Regulators are taking a more aggressive stance on consolidation within federal markets

Several recent deals underscore this recent trend and highlight it as an additional consideration for both midsize and large businesses. Rocketdyne’s $4 billion-plus acquisition was finally closed in February 2022 after the Federal Trade Commission filed a lawsuit to block the deal.L3 Harris recently voiced concerns about the White House In response, we abandoned negotiations to acquire NSO Group’s surveillance technology.

In June 2022, the Justice Department filed a civil antitrust lawsuit to block Booz Allen Hamilton’s proposed takeover of EverWatch on the grounds that it would limit competition in the National Security Agency.

The Booz Allen Hamilton and Everwatch lawsuits are generally seen as more general concerns on the product side, but customer/technology overlap and a focus on the service business also need careful consideration.

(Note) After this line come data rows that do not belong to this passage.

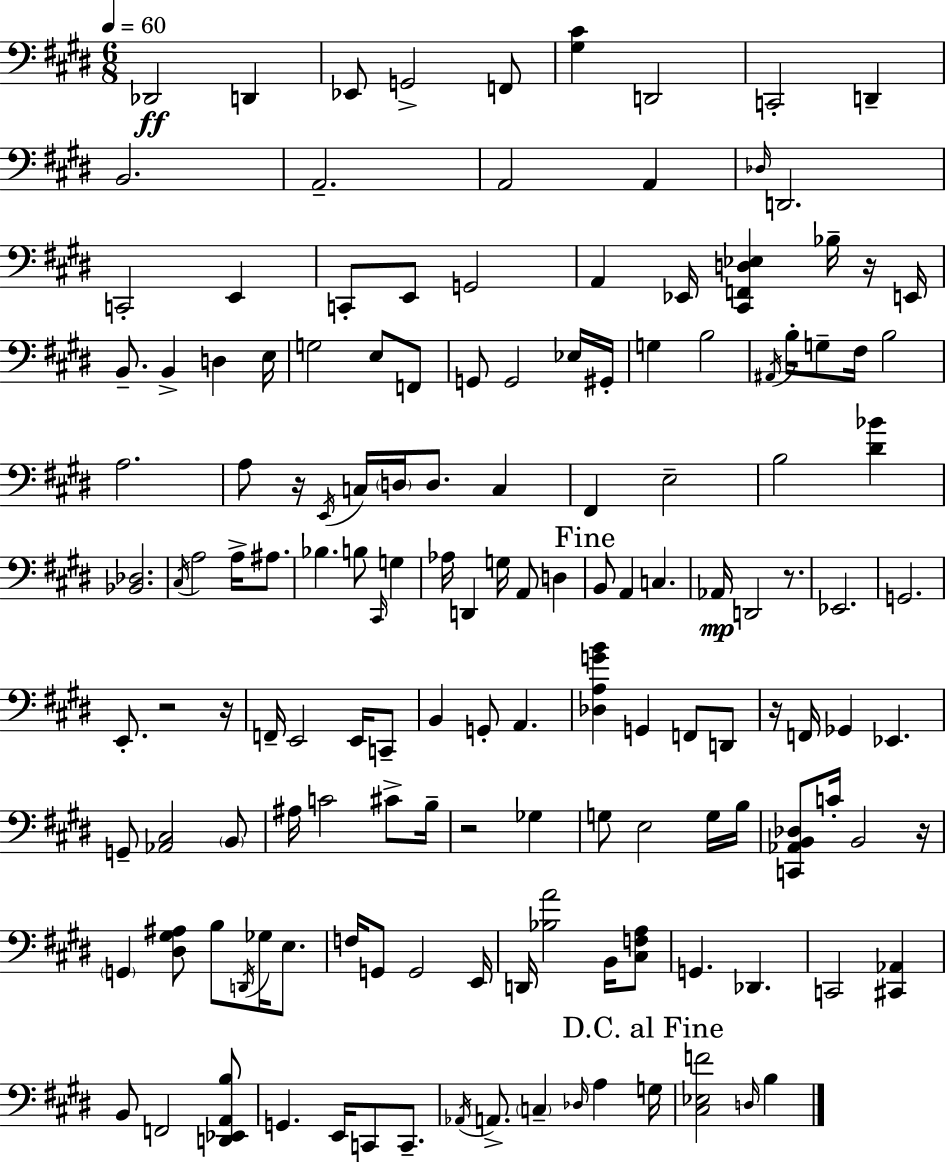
Db2/h D2/q Eb2/e G2/h F2/e [G#3,C#4]/q D2/h C2/h D2/q B2/h. A2/h. A2/h A2/q Db3/s D2/h. C2/h E2/q C2/e E2/e G2/h A2/q Eb2/s [C#2,F2,D3,Eb3]/q Bb3/s R/s E2/s B2/e. B2/q D3/q E3/s G3/h E3/e F2/e G2/e G2/h Eb3/s G#2/s G3/q B3/h A#2/s B3/s G3/e F#3/s B3/h A3/h. A3/e R/s E2/s C3/s D3/s D3/e. C3/q F#2/q E3/h B3/h [D#4,Bb4]/q [Bb2,Db3]/h. C#3/s A3/h A3/s A#3/e. Bb3/q. B3/e C#2/s G3/q Ab3/s D2/q G3/s A2/e D3/q B2/e A2/q C3/q. Ab2/s D2/h R/e. Eb2/h. G2/h. E2/e. R/h R/s F2/s E2/h E2/s C2/e B2/q G2/e A2/q. [Db3,A3,G4,B4]/q G2/q F2/e D2/e R/s F2/s Gb2/q Eb2/q. G2/e [Ab2,C#3]/h B2/e A#3/s C4/h C#4/e B3/s R/h Gb3/q G3/e E3/h G3/s B3/s [C2,Ab2,B2,Db3]/e C4/s B2/h R/s G2/q [D#3,G#3,A#3]/e B3/e D2/s Gb3/s E3/e. F3/s G2/e G2/h E2/s D2/s [Bb3,A4]/h B2/s [C#3,F3,A3]/e G2/q. Db2/q. C2/h [C#2,Ab2]/q B2/e F2/h [D2,Eb2,A2,B3]/e G2/q. E2/s C2/e C2/e. Ab2/s A2/e. C3/q Db3/s A3/q G3/s [C#3,Eb3,F4]/h D3/s B3/q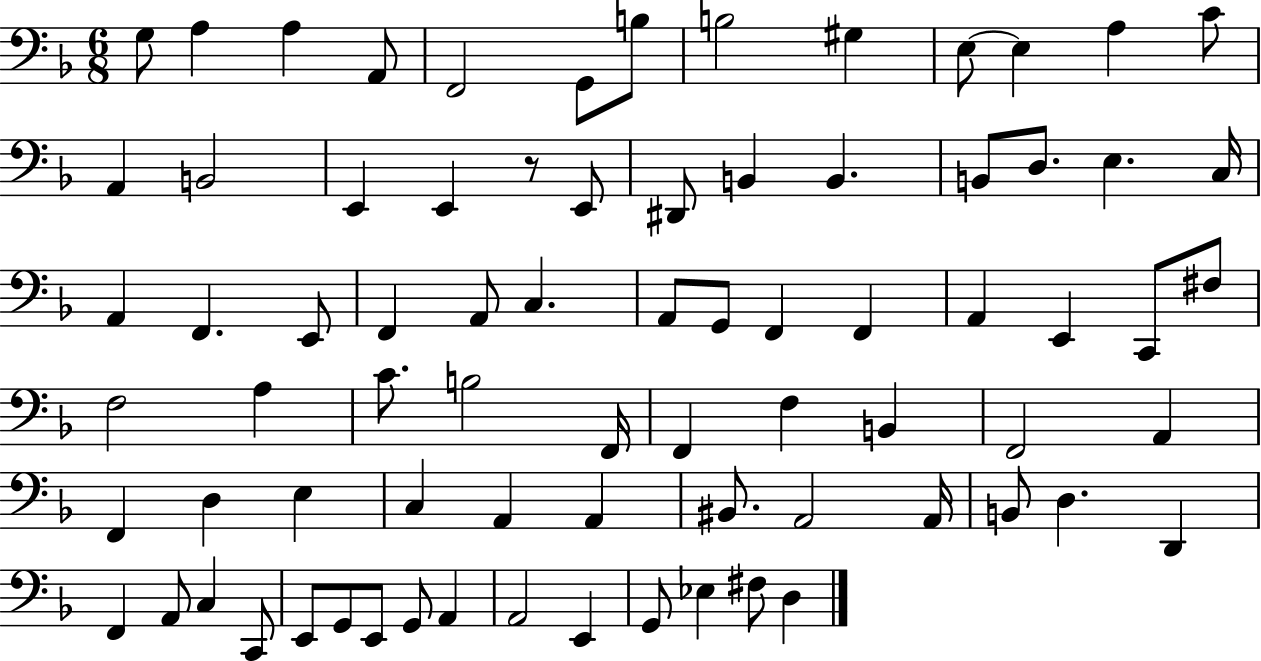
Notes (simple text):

G3/e A3/q A3/q A2/e F2/h G2/e B3/e B3/h G#3/q E3/e E3/q A3/q C4/e A2/q B2/h E2/q E2/q R/e E2/e D#2/e B2/q B2/q. B2/e D3/e. E3/q. C3/s A2/q F2/q. E2/e F2/q A2/e C3/q. A2/e G2/e F2/q F2/q A2/q E2/q C2/e F#3/e F3/h A3/q C4/e. B3/h F2/s F2/q F3/q B2/q F2/h A2/q F2/q D3/q E3/q C3/q A2/q A2/q BIS2/e. A2/h A2/s B2/e D3/q. D2/q F2/q A2/e C3/q C2/e E2/e G2/e E2/e G2/e A2/q A2/h E2/q G2/e Eb3/q F#3/e D3/q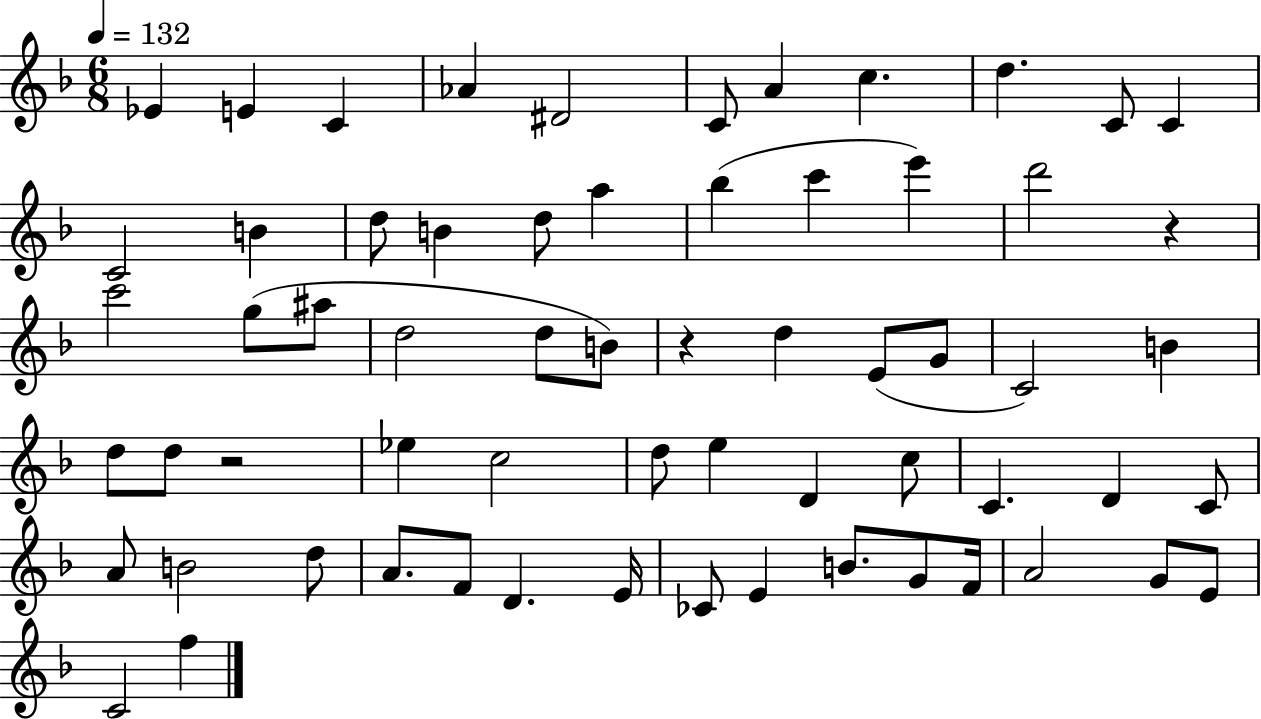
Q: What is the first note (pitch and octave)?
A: Eb4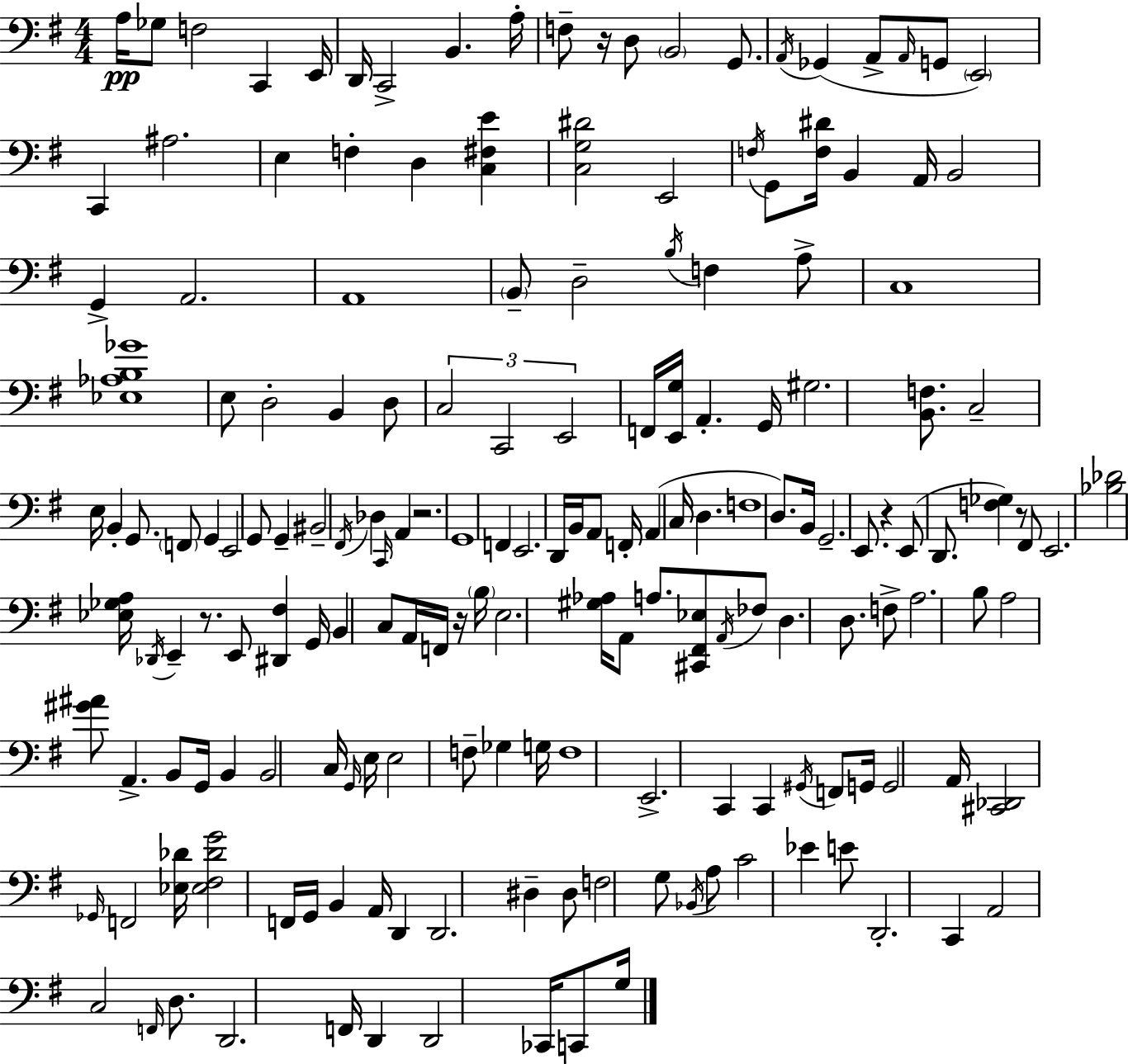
{
  \clef bass
  \numericTimeSignature
  \time 4/4
  \key e \minor
  a16\pp ges8 f2 c,4 e,16 | d,16 c,2-> b,4. a16-. | f8-- r16 d8 \parenthesize b,2 g,8. | \acciaccatura { a,16 } ges,4( a,8-> \grace { a,16 } g,8 \parenthesize e,2) | \break c,4 ais2. | e4 f4-. d4 <c fis e'>4 | <c g dis'>2 e,2 | \acciaccatura { f16 } g,8 <f dis'>16 b,4 a,16 b,2 | \break g,4-> a,2. | a,1 | \parenthesize b,8-- d2-- \acciaccatura { b16 } f4 | a8-> c1 | \break <ees aes b ges'>1 | e8 d2-. b,4 | d8 \tuplet 3/2 { c2 c,2 | e,2 } f,16 <e, g>16 a,4.-. | \break g,16 gis2. | <b, f>8. c2-- e16 b,4-. | g,8. \parenthesize f,8 g,4 e,2 | g,8 g,4-- bis,2-- | \break \acciaccatura { fis,16 } des4 \grace { c,16 } a,4 r2. | g,1 | f,4 e,2. | d,16 b,16 a,8 f,16-. a,4( c16 | \break d4. f1 | d8.) b,16 g,2.-- | e,8. r4 e,8( d,8. | <f ges>4) r8 fis,8 e,2. | \break <bes des'>2 <ees ges a>16 \acciaccatura { des,16 } | e,4-- r8. e,8 <dis, fis>4 g,16 b,4 | c8 a,16 f,16 r16 \parenthesize b16 e2. | <gis aes>16 a,8 a8. <cis, fis, ees>8 \acciaccatura { a,16 } fes8 d4. | \break d8. f8-> a2. | b8 a2 | <gis' ais'>8 a,4.-> b,8 g,16 b,4 b,2 | c16 \grace { g,16 } e16 e2 | \break f8-- ges4 g16 f1 | e,2.-> | c,4 c,4 \acciaccatura { gis,16 } f,8 | g,16 g,2 a,16 <cis, des,>2 | \break \grace { ges,16 } f,2 <ees des'>16 <ees fis des' g'>2 | f,16 g,16 b,4 a,16 d,4 d,2. | dis4-- dis8 | f2 g8 \acciaccatura { bes,16 } a8 c'2 | \break ees'4 e'8 d,2.-. | c,4 a,2 | c2 \grace { f,16 } d8. | d,2. f,16 d,4 | \break d,2 ces,16 c,8 g16 \bar "|."
}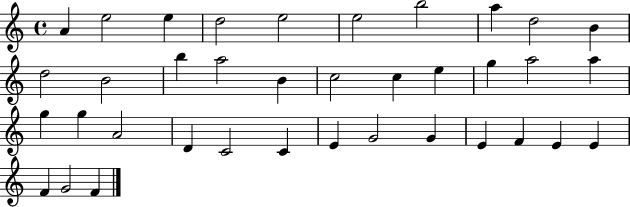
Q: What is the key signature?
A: C major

I am emphasizing that there is

Clearly a consideration, but not expected to be a deal breaker.

The Plight of Perceived Subscale Public Companies – Not Too Big To Be Too Small, Too Small To Be Big

Carlyle announced its intention to acquire the company in May after rumors of a possible Mantech sale began to intensify in early 2022. This represents another recent example of the involvement of financial sponsors in taking a public company private (for example, Veritas-backed Peraton acquired Perspecta, Lindsay Goldberg-backed Amentum acquired PAE). To do).

Additionally, Vectrus recently completed a merger with Vertex, creating publicly traded V2X, and other large public acquisitions over the past few years (e.g. Jacobs/KeyW, SAIC/Engility).

Trends in consolidation, scale, and financial horsepower for investments and M&A continue to motivate megadeals.

Fundamentals still matter

Despite the various factors impacting the government services M&A market, certain key fundamentals remain top priorities. Companies located in high-growth areas, built for scale, and with mature growth engines continue to attract significant interest from potential acquirers.

Combine these attributes with access to existing indefinite delivery, indefinite quantity contracts (“IDIQ”), bulk purchase agreements (“BPA”), other trade agreements (“OTA”), and task order based rewards. The combination is a powerful differentiator for sellers. When considering ongoing procurement challenges affecting government agencies and competitive tensions in crowded markets.

The first half of 2022 highlighted several qualitative and quantitative trading indicators. However, these trends underpin a trading-ripe environment, with momentum building in the second half of 2022 towards increased levels of activity to match the momentum seen in 2021.